Il poursuit dans « Hacker » l’expérimentation visuelle développée
depuis « Collatéral » (2004), avec ces images hyperréalistes qui
tirent doucement vers l’hallucination, notamment lors des séquences nocturnes,
d’une beauté toujours aussi stupéfiante. La sophistication des images de « Hacker »
est encore plus grande lors des scènes d’action du film, où éclate à la figure du
spectateur la force et l’invention visuelles du cinéaste. Mann fait s’opposer
la très haute résolution des images permise par la caméra numérique à leur
fréquence de défilement de 24 images par seconde, pour faire se mélanger et se
brouiller les notions de flou et de netteté. Ce régime visuel démultiplie la
violence des mouvements. Il lui suffit alors de filmer une course en steadicam pour produire une scène d’action optiquement
frappante et incroyablement haletante.
Comment cet inventeur visuel allait-il donc
représenter le monde caché numérique, l’anti-spectaculaire guerre cybernétique ?

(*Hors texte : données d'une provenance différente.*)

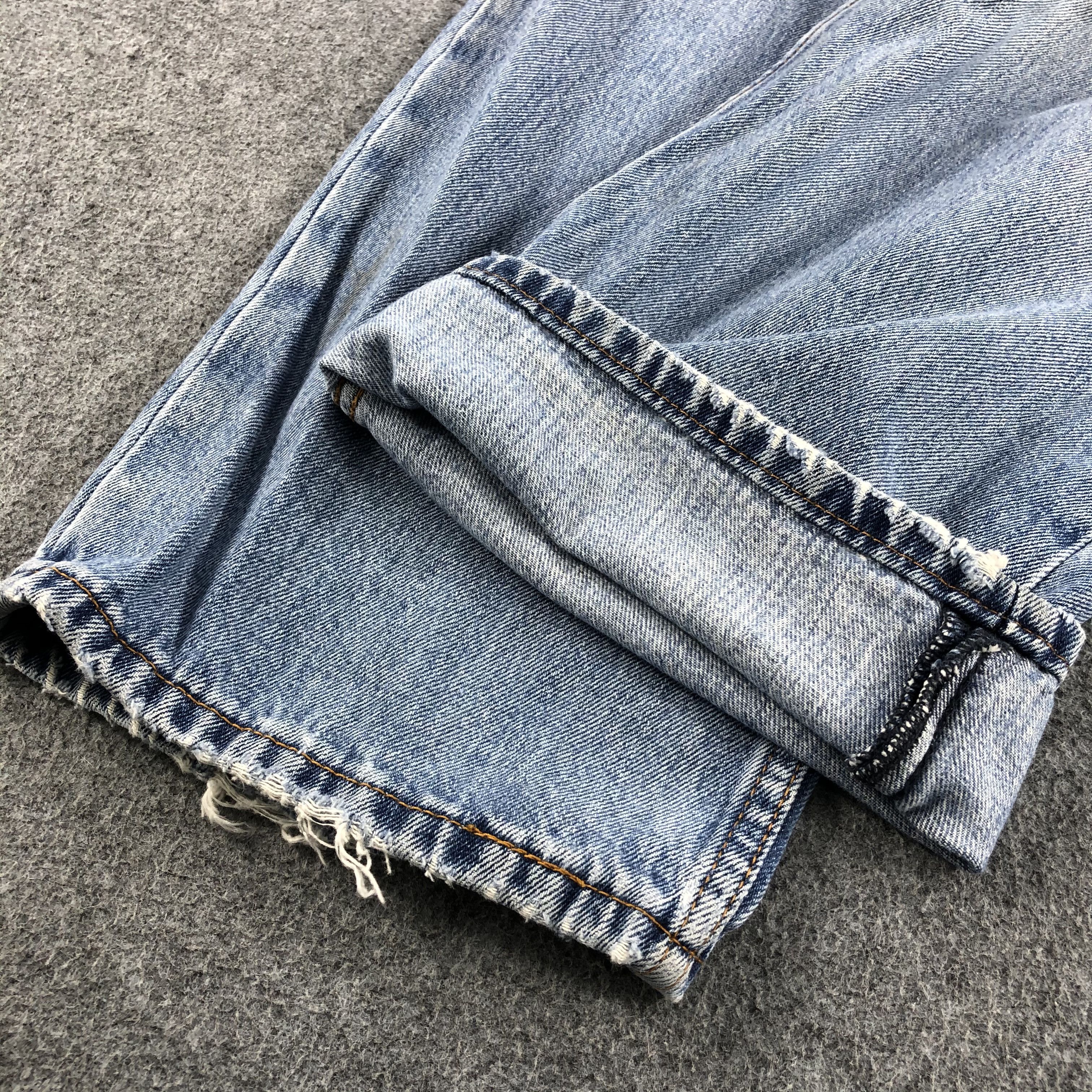 Levi's Vintage Blue Wash Levis 550 Jeans-J1692 Size US 39 - 7 Thumbnail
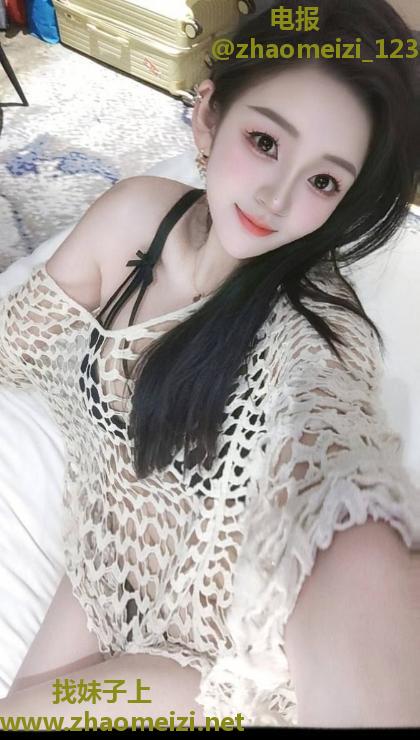 天府肤白风骚性感御姐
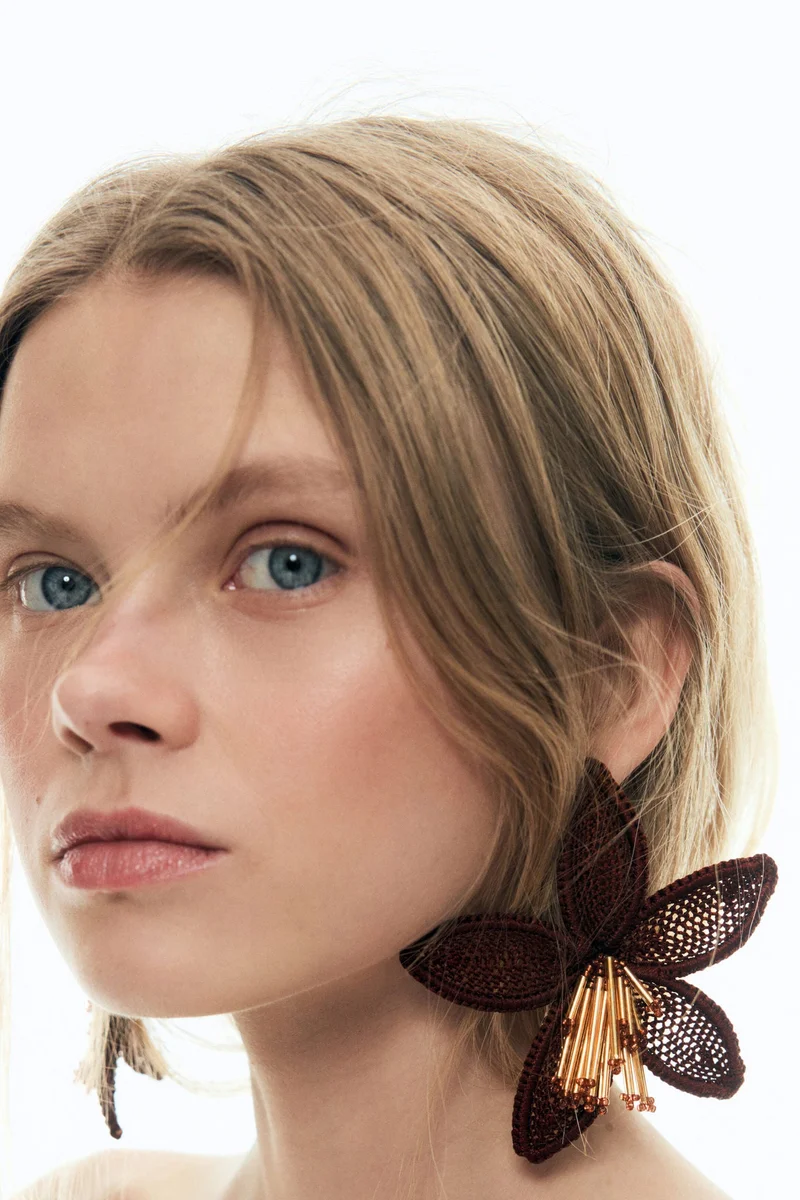 اتش اند ام أقراط كبيرة على شكل زهرة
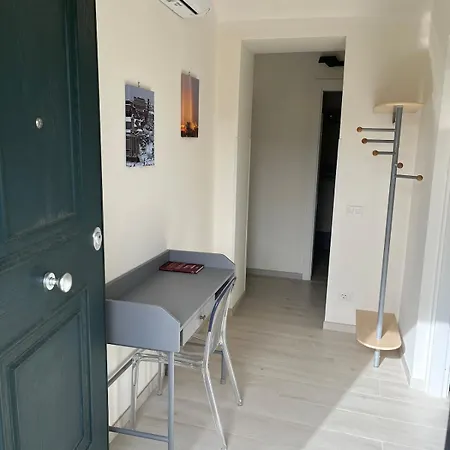 펜션 Tibur House *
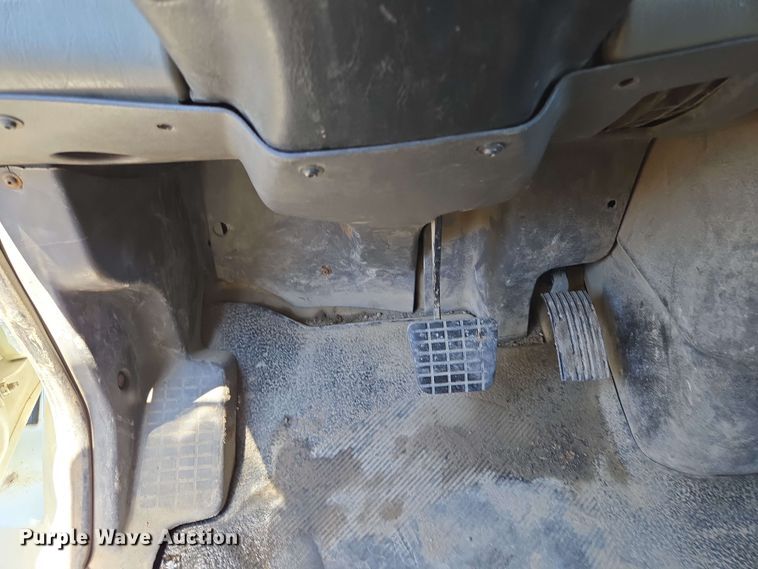 image for item EJ8717 2008 International 7400 dump truck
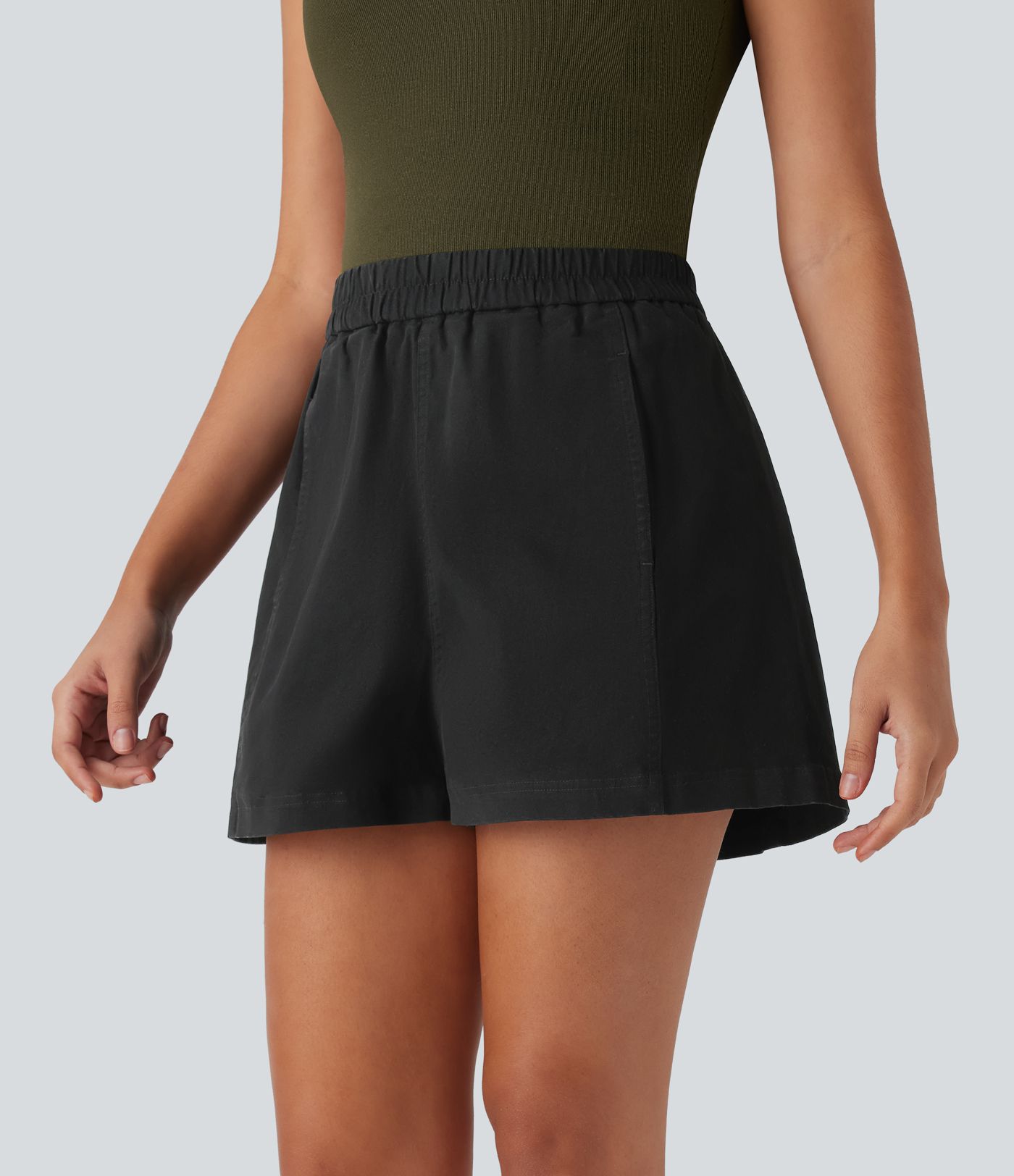 Lässige, gewaschene Baumwoll-Shorts mit hohem Bund und Seitentaschen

En restant attaché à la matérialité du monde informatique. Mann se raccroche
coûte que coûte au visuel. Pas d’abstraction : les données numériques ne
sont que peu représentées (les lignes de code n’envahissent pas l’écran), ce
sont leur support physique qui concentrent l’attention du réalisateur. Ainsi, Mann
projettera ses spectateurs dès les premières minutes du film dans la
matérialité de l’informatique. Pour nous montrer la dissémination d’un malware,
la caméra nous embarque au cœur de micro-processeurs, se rapprochant dans un
zoom vertigineux jusqu’à la résolution des images de la microscopie
électronique, où s’emballent les données les données le long des pistes du
circuit, emballement qui raccorde avec l’explosion de ventilateurs géants d’une
centrale nucléaire. Images incroyables, qui laissent augurer d’un très grand
spectacle liant par des sauts le micrométrique au macroscopique, mais qui
seront curieusement abandonnées dans la suite du film.
Auto-remake
Mais ce refus de l’abstraction cache aussi une évidente
tentation classiciste. Le scénario de « Hacker » ne propose rien d’aussi
recherché que les démarches esthétiques avec lesquelles il est mis en images. L’opposition
a beau être délibérée, elle n’en produit pas moins des déceptions. Michael Mann
rejoue ici de nombreuses scènes directement tirées de ses films précédents, donnant
la bizarre impression d’assister à des bouts d’auto-remakes. Le couple de « Hacker »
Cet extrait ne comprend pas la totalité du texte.